# My New Silverbacks...



## Bootlegger (Dec 18, 2008)

Silverback pix click here


----------



## RDWD (May 11, 2009)

Nice, let us know how you like em.


----------



## Bootlegger (Dec 18, 2008)

Sure will.


----------



## Polaris425 (Dec 16, 2004)

DAMIT!!!!!!!!!!!!!!!!!!!!!!! :aargh4:


I cant see them from work!!!!!!!!!! I'll have to wait till Im home!


----------



## Bootlegger (Dec 18, 2008)

Man.....the lugs are HUGE....they are 1.75 inches....


----------



## phreebsd (Dec 16, 2004)

you rode em yet?


----------



## cigaro (Dec 18, 2008)

Sweet tires Boot


----------



## Bootlegger (Dec 18, 2008)

phreebsd said:


> you rode em yet?


no....getting them put on tomorrow


----------



## TorkMonster (Dec 19, 2008)

Sweet... I love the looks of them...


----------



## Bootlegger (Dec 18, 2008)

Here are some pics of them mounted....

http://community.webshots.com/slideshow/573268659QqDEFP?mediaPosition=1

Theses things are UNREAL......I took it over to the lake....I was worried about them cause I like Outlaws alot.....well.....all I can say is Silverbacks for me here on out. I got a race in 2 weeks.....I will know how they do in the pit then....but they pull real hard.


----------



## Polaris425 (Dec 16, 2004)

they look badace! :rockn:


----------



## mattg (Jan 4, 2009)

Welcome to the silverback world!!!! Warning......mudholes will be easier to go through!!! LOL I sure like mine, but may get rid of them because they tear up the yard and ride to rough for the kiddos.


----------



## Bootlegger (Dec 18, 2008)

I took the out today....all I can say is there will be no more Outlaws for me.....and I love the Outlaws. The next race in is 2 weeks....if they do what everyone says I will be very pleased...I will post after the race and let you all know. Till this day I still think EDL's are the Best Race tire.


----------



## Yesterday (Jan 2, 2009)

i bet rice'n canes would do well in a pit since they're so skinny


----------



## cigaro (Dec 18, 2008)

Ther's been several people that have tried rice cains . Crush locks are all the rage now. They have to be alot lighter also.


----------



## Metal Man (Dec 17, 2008)

Looks good Bootlegger.Are them 30"s ?


----------



## Bootlegger (Dec 18, 2008)

Metal Man said:


> Looks good Bootlegger.Are them 30"s ?



No Sir....28x10x12's


----------



## phreebsd (Dec 16, 2004)

good looking tires. i wanna try 32's!


----------



## DrillersGoDeeper (Jan 3, 2009)

^ Get some!! lol You'de be done with those Outlaws if you tried the 32's!!

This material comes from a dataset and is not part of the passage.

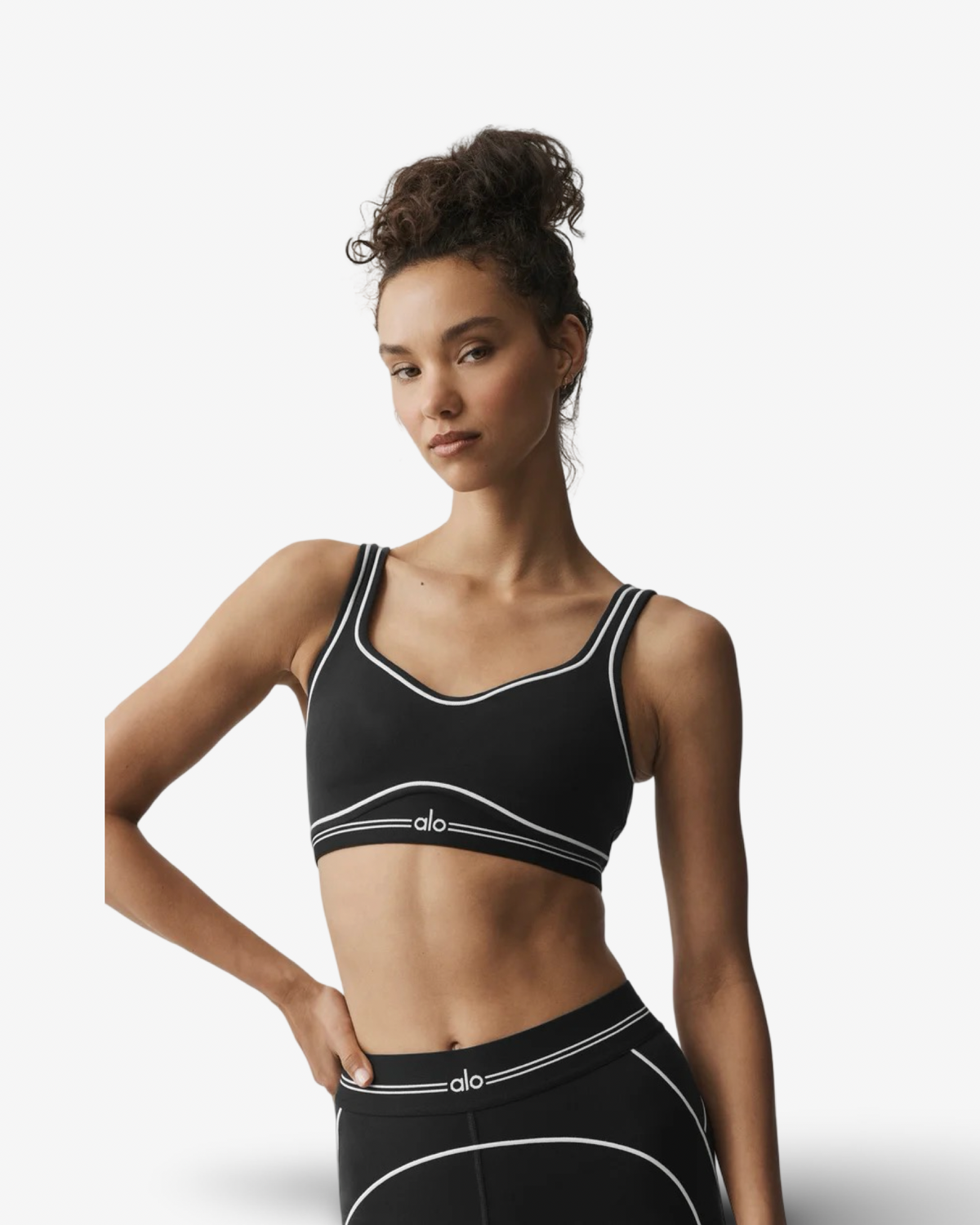 ALO AIRBRUSH HEART THROB BRA IN BLACK BRA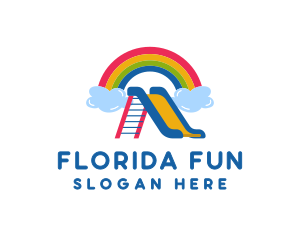 Rainbow Slide Playground logo design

Looks real good Bootlegger!!


----------



## Bootlegger (Dec 18, 2008)

DrillersGoDeeper said:


> ^ Get some!! lol You'de be done with those Outlaws if you tried the 32's!!
> 
> Looks real good Bootlegger!!



Thanks....I am really IMpressed with these


----------



## 650Brute (Dec 18, 2008)

:rockn:


----------



## Bootlegger (Dec 18, 2008)

I got my new Zilla's mounted on stock wheels today for the trails.


----------



## phreebsd (Dec 16, 2004)

man you must be ballin!
2 new sets of tires!


----------



## Bootlegger (Dec 18, 2008)

phreebsd said:


> man you must be ballin!
> 2 new sets of tires!


Great Sponsor is all I can say....:rockn: A HUGE Thanks to Matt at Mud-Throwers.....:notworthy:


----------



## DrillersGoDeeper (Jan 3, 2009)

^^ Sounds like a great guy to do business with!


----------



## Bootlegger (Dec 18, 2008)

DrillersGoDeeper said:


> ^^ Sounds like a great guy to do business with!



He is.....Great Guy!!!


----------



## Bootlegger (Dec 18, 2008)

Here is Pics of it all cleaned up...taking it to the race on the 11th.

http://community.webshots.com/slideshow/573268659QqDEFP?mediaPosition=9


----------



## Metal Man (Dec 17, 2008)

Looking sharp Bootlegger.

Be sure and take the camera to the race with you. Get some videos if you can.


----------



## Bootlegger (Dec 18, 2008)

Metal Man said:


> Looking sharp Bootlegger.
> 
> Be sure and take the camera to the race with you. Get some videos if you can.


I will on the 11th race....I will be by myself on the one in SC on the 18th... The one on the 11th is a local race. Its the first event ever. I hope we have enough to show up. If not I am going to keep working until I make it a good place to race....The Pit is New and Nice.:rockn: The Race on the 18th is an ECMR race...its a Swamp Cross.


----------